LOS ANGELES — Thousands of people took to the streets of downtown Los Angeles May 1 to protest the policies of President Donald Trump during his first 100 days in office.
Protestors gathered at 11 a.m. in MacArthur Park, where they marched east at noon down Wilshire Boulevard to Grand Park and City Hall in recognition of International Workers’ Day.
Among the organizations taking part in the march were the American Civil Liberties Union of Southern California, the Coalition for Humane Immigrant Rights, Black Lives Matter, St. John’s Well Child and Family Center, TRUST South LA, the Los Angeles Black Worker Center, United Teachers Los Angeles and dozens more.
It marked the first time in more than 10 years there has been such unity among organizers of May Day marches. Organizers predicted that more than 100,000 people would participate, but the crowd fell well short of that goal.
Los Angeles police did not give an official crowd estimate, but authorities told reporters at the scene they were estimating around 15,000 participants.
“This is probably five times larger than last year, but it’s not as big as 2006,” Stuart Kwoh, executive director of Asian Americans Advancing Justice-Los Angeles, told City News Service. “It is definitely 30,000 to 40,000 people, I heard.”
Gozi Anyanwu, a fifth grade teacher at Hudnall Elementary in Inglewood, said she marched because May Day is a day of coming together.
“I’m here to celebrate teachers, students, parents, families, working people,” said Anyanwu, a first-time participant at the march and an educator for 18 years. “I love my students, I love my parents, I love my school and I’m here to march for them.”
Lola Smallwood, co-founder of the LA Black Worker Center, said that the organization has always supported the march, but felt like this year was especially important to unify with the immigrant rights struggle.
“We’re here today representing the new era of worker rights organizing that brings immigrant workers and black workers together for justice,” Smallwood said. “This kind of unity is really important.

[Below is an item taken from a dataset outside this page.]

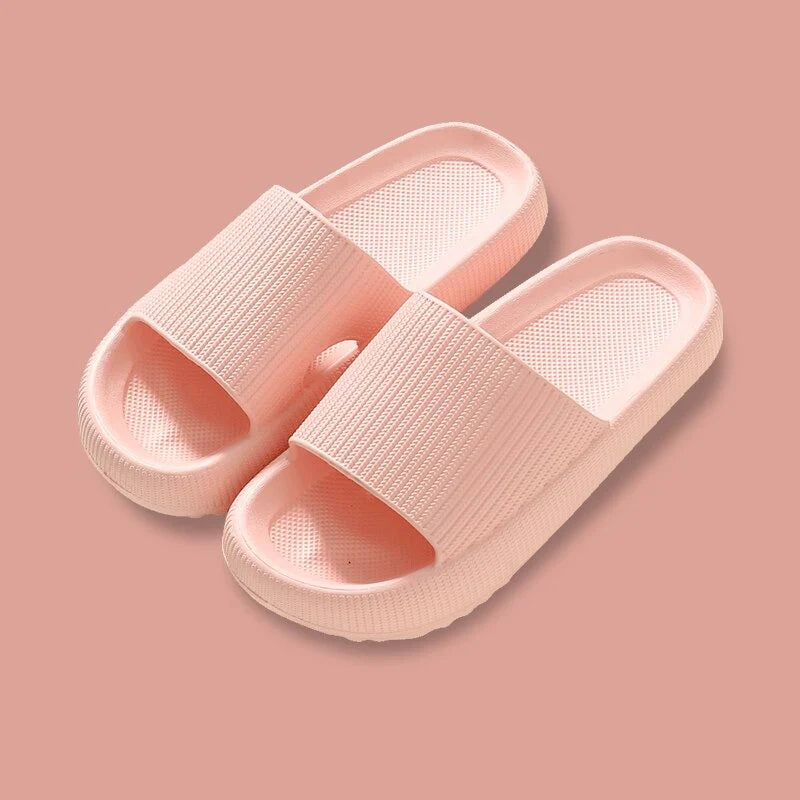 Karina | Weiche Orthopädische Strandslipper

“Black families have been torn apart by governmental policies, black families have been devastated by economic policies, black families have been treated less than human beings for a very long time in this country,” she added, calling the black community a “canary in the mine.”
For Paula Minor, a former administrative worker for the city of Los Angeles and college counselor, the day was an opportunity to highlight the serious problems employees face today.

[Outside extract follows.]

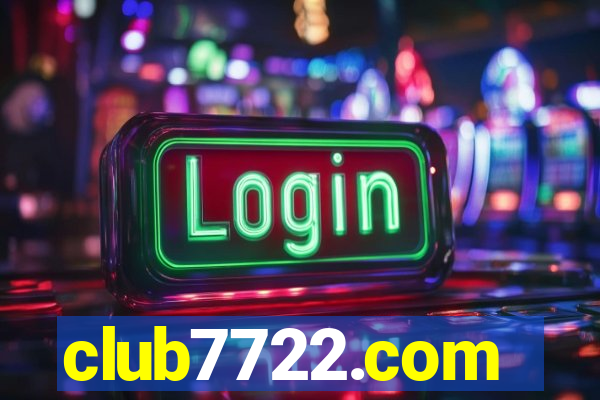 club7722.com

“The majority of workers are low paid, the number of jobs are shrinking … and the number of jobs for African Americans are greatly shrinking, so I think it’s important to stand up,” Minor said. “We think that our knowledge and experience of struggle in Los Angeles in this country is really important. [We need] to connect that black struggle with the immigrant rights struggle.”
Since retiring, Minor said she has dedicated all of her time to Black Lives Matter.
Nan Whitfield, a public defender for the county, felt that she needed to march to send a message that “we are united and will never be divided.”
“I just love it here because of all the diversity,” Whitfield said. “Different ages, different races, different ethnic groups. This is America, right here, on the streets of L.A., and I’m glad to be a part of it.”
For William Gonzalez, who served two years in Vietnam as a corporal in the U.S. Marine Corps, the march was about recognizing the more than 100,000 American soldiers that have been deported.
“Donald Trump and his administration are deporting veterans and I don’t like that,” Gonzalez said.
Georgina Serrano, who is unemployed and marched with TRUST South LA, marched for worker’s rights and affordable housing.
“I’ve been homeless for more than two years, sleeping on my friend’s couch,” Serrano said. “I think there’s an incredible need for affordable housing, and also for the homeless people who are using the city as a reserve, which affects everybody.”
After the 2.3-mile march, protesters rallied in front of City Hall and were greeted with live performances by Inner City Dwellers and Tom Morello from Rage Against the Machine.
Edward Coggon, a retired attorney investigator, took refuge from the heat beneath a tree after the march.
“If you have people being herded like animals from South America to Canada, anybody that’s ever been in church for a couple of minutes, knows that that kind of crap is wrong,” he said about why he marched.
Mayor Eric Garcetti and representatives of participating organizations took to the stage at City Hall to share messages of resistance and unity.
“Los Angeles, we define you by what’s in your heart, not by what’s on your face, not by what’s in your pocket,” Garcetti said to the crowd of thousands. “Here in Los Angeles, we show love is stronger than hate, and it matters less who’s in the White House. It matters who’s in this house.”
As Garcetti addressed the immigrant workers and the continual threat they face under the current administration, protesters chanted: “Eric Garcetti, declare sanctuary!” The chant was in reference to the mayor’s hesitancy to declare Los Angeles a sanctuary city for undocumented immigrants.
Police set up a skirmish line to separate the pro- and anti-Trump forces in the Civic Center area. Both sides shouted back and forth, often using profanities, but there were no reports of any physical confrontations.
One person was reportedly arrested for burning an American flag. There were no other reports of arrests.